* _EXERCISE INSTRUCTIONS_: For this exercise, reproduce each entry below exactly, excluding pictures.

Captioned web image data
◇ ◇ ◇ ◇ ◇ ◇ ◇
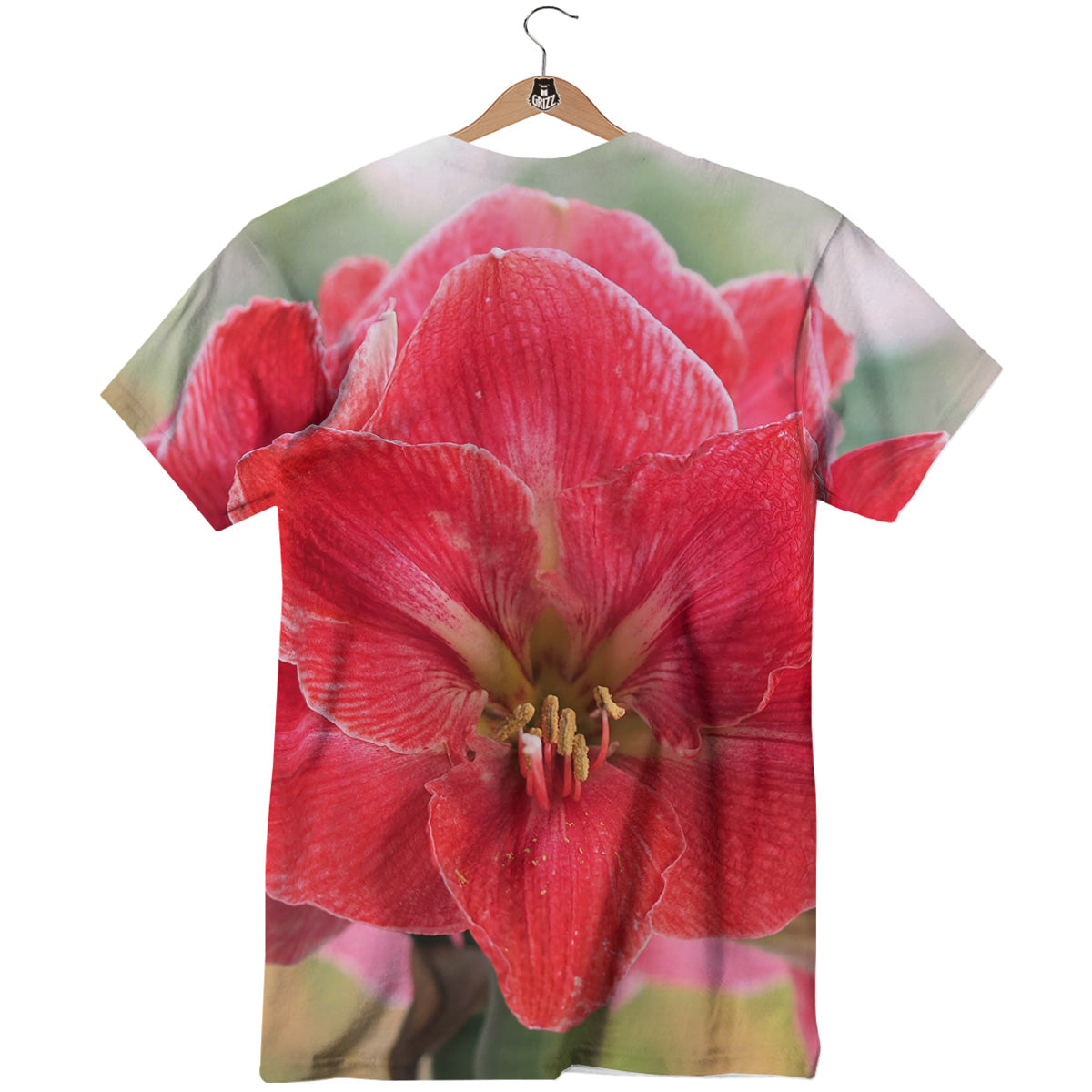 Fresh Amaryllis Print T-Shirt-grizzshop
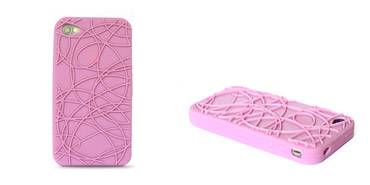 iPhone Coque Filaire iPhone 4 (rose)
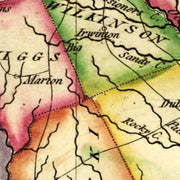 old Georgia map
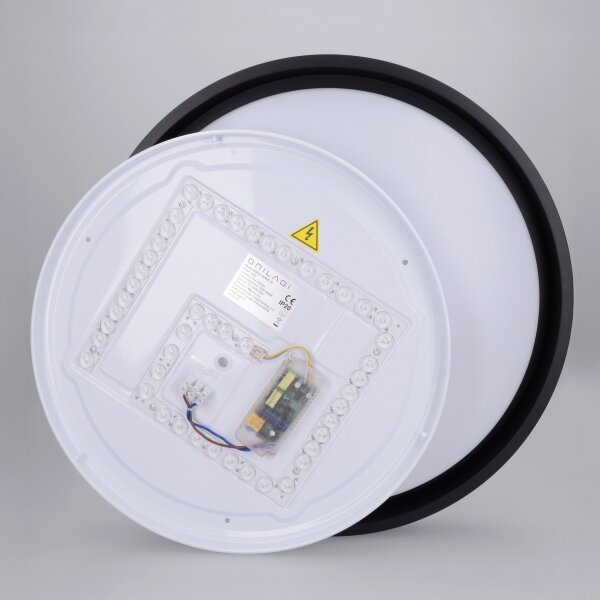 Brilagi - LED Stmív. svítidlo MATTEO LED/48W/230V 3000-6500K pr. 41 cm černá +DO
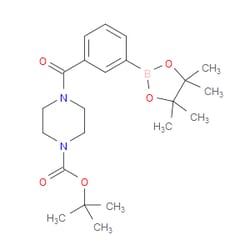Aobchem&nbsp;3-(4-Boc-piperazine-1-carbonyl)phenylboronic acid pinacol ester | ≥95% | CAS 883738-41-8 | C22H33BN2O5 | 500mg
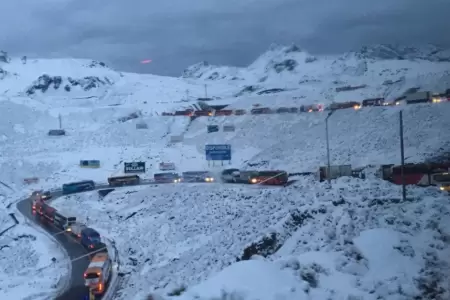 Senamhi advierte nieve y granizo en cinco departamentos del Per�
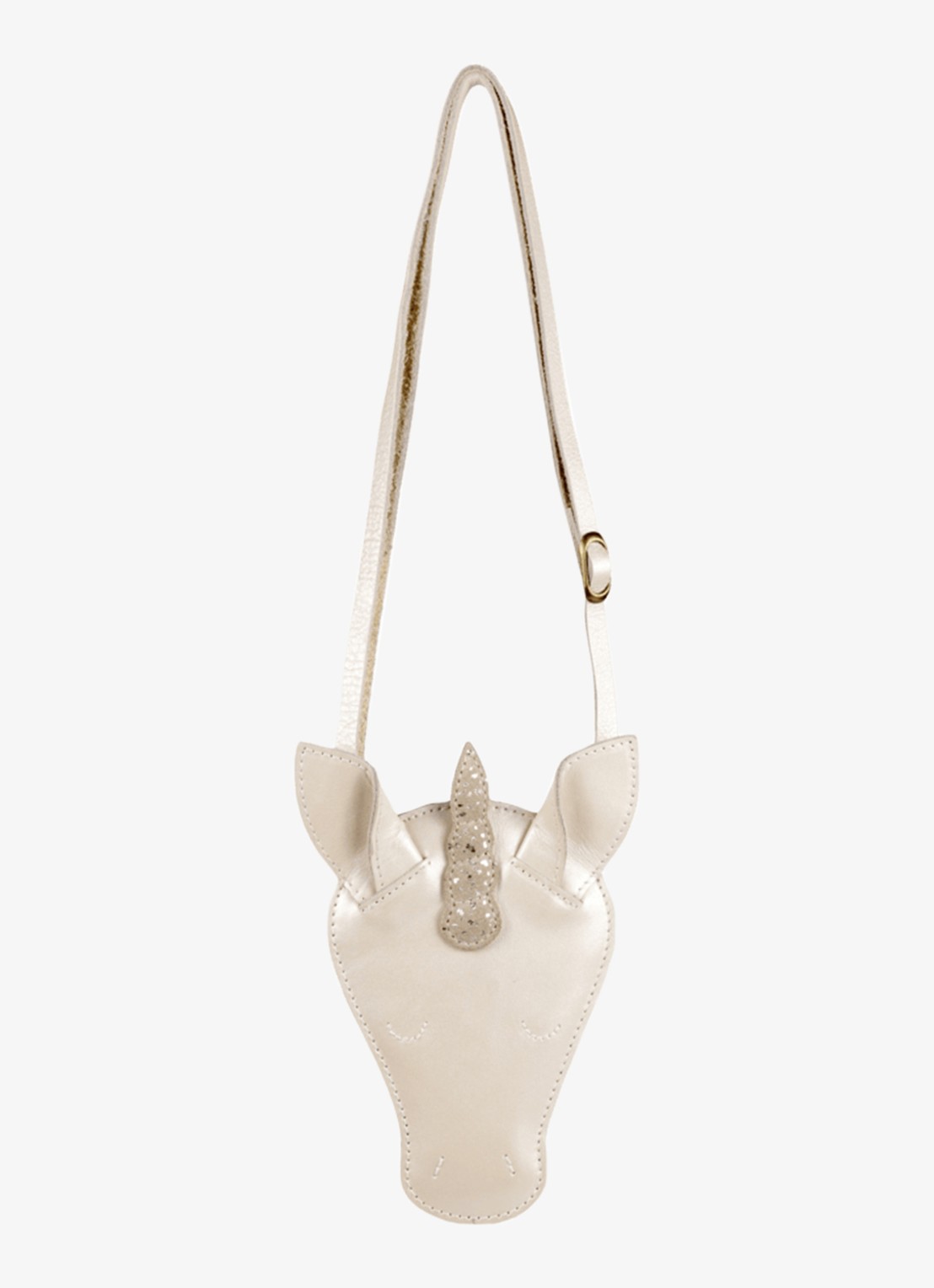 Donsje Amsterdam Blinc Unicorn crossbody tas - achterkant gebroken wit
◇ ◇ ◇ ◇ ◇ ◇ ◇
* _RESPONSE FOR THIS EXERCISE_:
 Fresh Amaryllis Print T-Shirt-grizzshop
 iPhone Coque Filaire iPhone 4 (rose)
 old Georgia map
 Brilagi - LED Stmív. svítidlo MATTEO LED/48W/230V 3000-6500K pr. 41 cm černá +DO
Aobchem&nbsp;3-(4-Boc-piperazine-1-carbonyl)phenylboronic acid pinacol ester | ≥95% | CAS 883738-41-8 | C22H33BN2O5 | 500mg
 Senamhi advierte nieve y granizo en cinco departamentos del Per�
 Donsje Amsterdam Blinc Unicorn crossbody tas - achterkant gebroken wit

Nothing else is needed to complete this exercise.